Bengt-Ake Gustafsson: Steht ein Coach an der Bande, ist es für ihn sekundär, wie viele Fans im Stadion sind, wer sich auf dem Eis befindet, wie bedeutend die Partie ist. Er will nur, dass seine Jungs gewinnen. Ich halte mich nicht für besser und wichtiger als andere, vor mir braucht in Langnau niemand in Ehrfurcht zu erstarren.

 

Statt NHL-Stars betreuen Sie unter anderen junge Profis und Akteure, welche den Durchbruch nicht geschafft haben. Mussten Sie Ihre Arbeitsweise anpassen?

 

Ich bin quasi der Lehrmeister – die Rolle des Ausbildners ist relativ neu für mich. Die Fehlerquote ist natürlich höher als einst beim schwedischen Nationalteam. Doch auch den Topcracks unterliefen Fehler; diese zu akzeptieren, fiel mir schwerer. Mich frustrierte es, dass solch talentierte Profis meine Ideen nicht immer umsetzen konnten.

 

Auffällig ist, dass Sie während Trainingseinheiten und Ernstkämpfen kaum einmal laut werden. Sie wirken, überspitzt formuliert, gelegentlich etwas teilnahmslos...

 

...ich halte nichts von Wutausbrüchen. Ich versuche, meinen Frust für mich zu behalten. Als Spieler hatte ich viele Coaches, die sehr laut wurden – gebracht hat das selten etwas.
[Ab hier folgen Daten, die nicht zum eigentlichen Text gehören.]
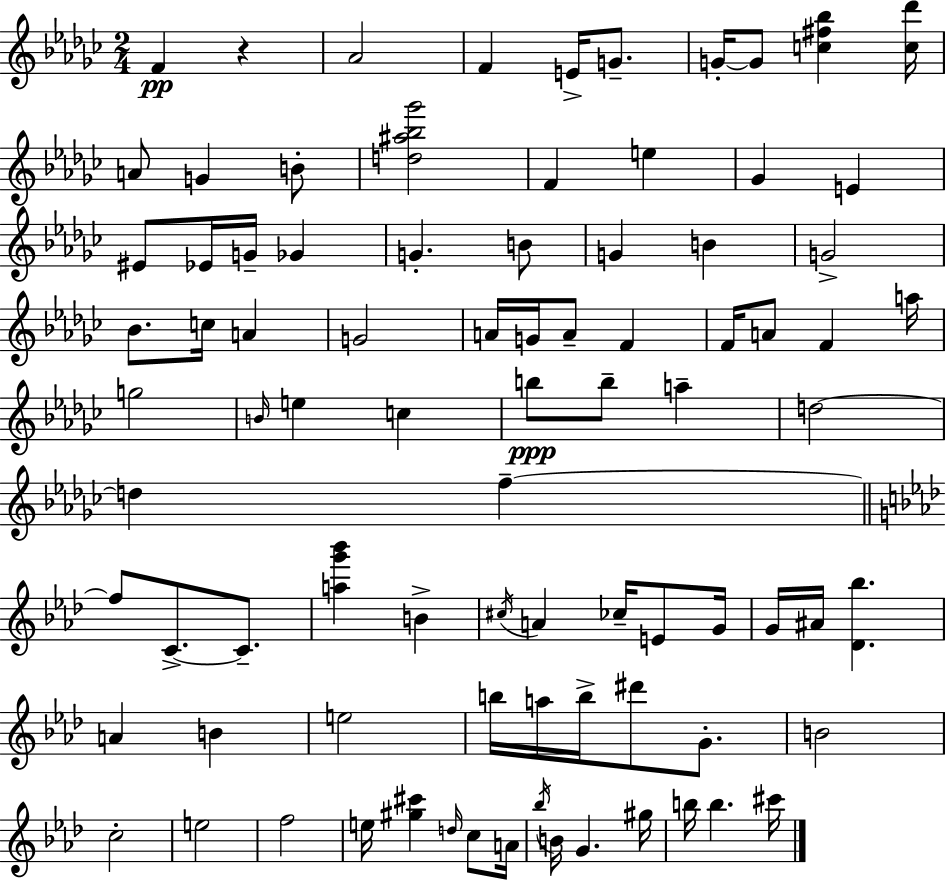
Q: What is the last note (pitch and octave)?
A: C#6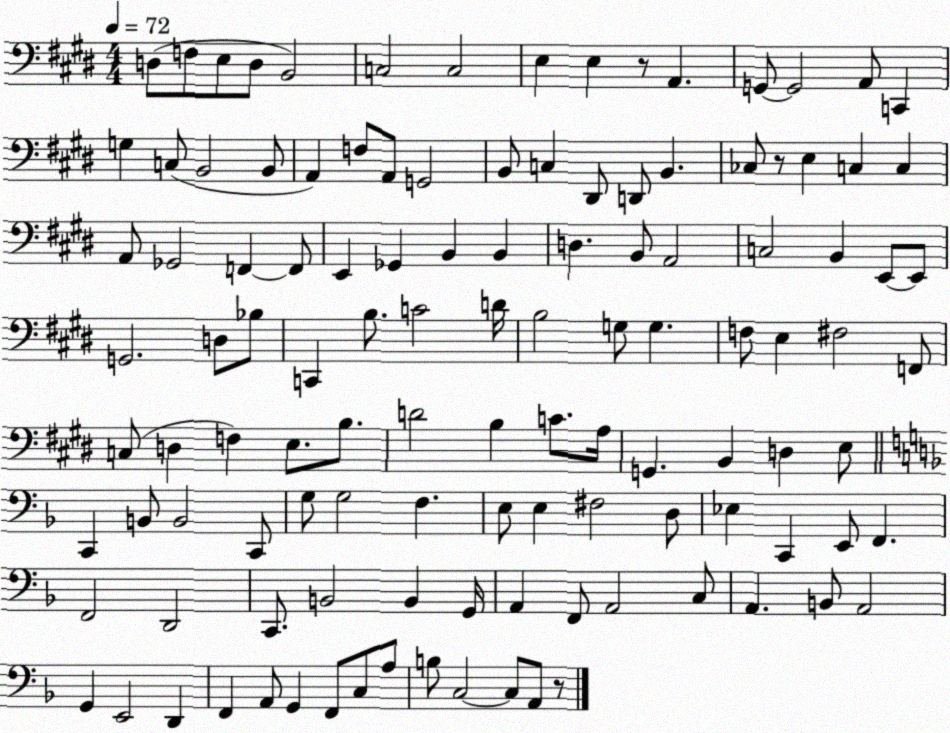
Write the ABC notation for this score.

X:1
T:Untitled
M:4/4
L:1/4
K:E
D,/2 F,/2 E,/2 D,/2 B,,2 C,2 C,2 E, E, z/2 A,, G,,/2 G,,2 A,,/2 C,, G, C,/2 B,,2 B,,/2 A,, F,/2 A,,/2 G,,2 B,,/2 C, ^D,,/2 D,,/2 B,, _C,/2 z/2 E, C, C, A,,/2 _G,,2 F,, F,,/2 E,, _G,, B,, B,, D, B,,/2 A,,2 C,2 B,, E,,/2 E,,/2 G,,2 D,/2 _B,/2 C,, B,/2 C2 D/4 B,2 G,/2 G, F,/2 E, ^F,2 F,,/2 C,/2 D, F, E,/2 B,/2 D2 B, C/2 A,/4 G,, B,, D, E,/2 C,, B,,/2 B,,2 C,,/2 G,/2 G,2 F, E,/2 E, ^F,2 D,/2 _E, C,, E,,/2 F,, F,,2 D,,2 C,,/2 B,,2 B,, G,,/4 A,, F,,/2 A,,2 C,/2 A,, B,,/2 A,,2 G,, E,,2 D,, F,, A,,/2 G,, F,,/2 C,/2 A,/2 B,/2 C,2 C,/2 A,,/2 z/2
Man kann das Team auch anders anstacheln.

 

Die Aggressivität jedoch wird im Langnauer Spiel zuweilen vermisst. Wirklich begeistert hat die Mannschaft selten.

 

In vielen Spielen waren wir zehn, fünfzehn Minuten lang nicht bereit. Diese Passivität war mir lange ein Rätsel; sie hatte wohl mentale Gründe. Seit Beginn der Playoffs hat sich das verbessert.

 

Sie weilen seit Oktober in Langnau. Seither haben die SCL Tigers 39 Partien absolviert, deren 25 gewonnen und die Qualifikation auf Rang 2 abgeschlossen. Wie fällt Ihre Zwischenbilanz aus?

 

Die Mannschaft hat sich entwickelt, ich sehe viele gute Ansätze. Wir machen uns das Leben aber zu oft selber schwer. Manchmal hatte ich das Gefühl, dass bei einigen Spielern die Schlittschuhe auf dem Eis standen, der Rest aber nicht bei der Sache war.

 

Fehlt es an Leaderfiguren?

Mir stehen Spieler mit Führungsqualitäten zur Verfügung.  Wir sollten aber mehr davon haben. Wir diskutieren immer wieder darüber, dass jeder Einzelne mehr Verantwortung übernehmen soll.

 

Am Sonntag beginnt die Playoff-Halbfinalserie gegen La Chaux-de-Fonds – wie stark stufen Sie den Gegner ein?

 

Wir sind gewarnt, La Chaux-de-Fonds hat Olten nicht grundlos bezwungen. Die Mannschaft besitzt viel Potenzial in der Offensive, kann sich in einen Rausch spielen. Es wird nicht einfach, und es wäre vermessen, einen Durchmarsch ohne Niederlage zu erwarten.

 

Käme nach dem souveränen Viertelfinalerfolg über Thurgau und dem überraschenden Ausscheiden von Qualifikationssieger Olten alles andere als der B-Meistertitel einer Enttäuschung gleich?

 

Ja, aber mit dem Ausscheiden von Olten hat das nichts zu tun. Der Titel muss das Ziel sein, diesen Anspruch sollte bei uns jeder haben.

 

Biel oder Rapperswil-Jona werden die Ligaqualifikation bestreiten müssen. Haben Sie diese Teams bereits beobachtet?

 

Ich habe sie ein paar Mal spielen sehen. Der Fokus liegt jetzt aber woanders. Das Thema Aufstieg befindet sich erst im Hinterkopf.

 

Zum Langnauer Kader zählt Ihr Sohn Anton, der zu den am besten bezahlten Spielern gehört. 2008 war er ein NHL-Erstrundendraft – weshalb kann er seine Qualitäten nicht konstant abrufen?

 

Er hatte mehrmals Verletzungspech, in physischer Hinsicht geht es ihm jetzt aber besser. Ich denke, er bewegt sich in die richtige Richtung. Sicher braucht er im Moment nicht zu träumen. Er nimmt Tag für Tag, denkt an heute, nicht an morgen.

 

In einigen Medien wurden Sie als Nachfolger von Nationalcoach Sean Simpson gehandelt. Hat der Schweizerische Eishockeyverband Sie kontaktiert?

 

Nein. Mein Vertrag bei den SCL Tigers läuft ohnehin weiter.

 

Wie würden Sie reagieren, sollten Sie ein Angebot erhalten?

 

(überlegt) Keine Ahnung. Der Job des Schweizer Nationaltrainers ist zweifellos sehr, sehr interessant. Es gibt viele, die würden einiges dafür geben, diesen Posten zu bekommen.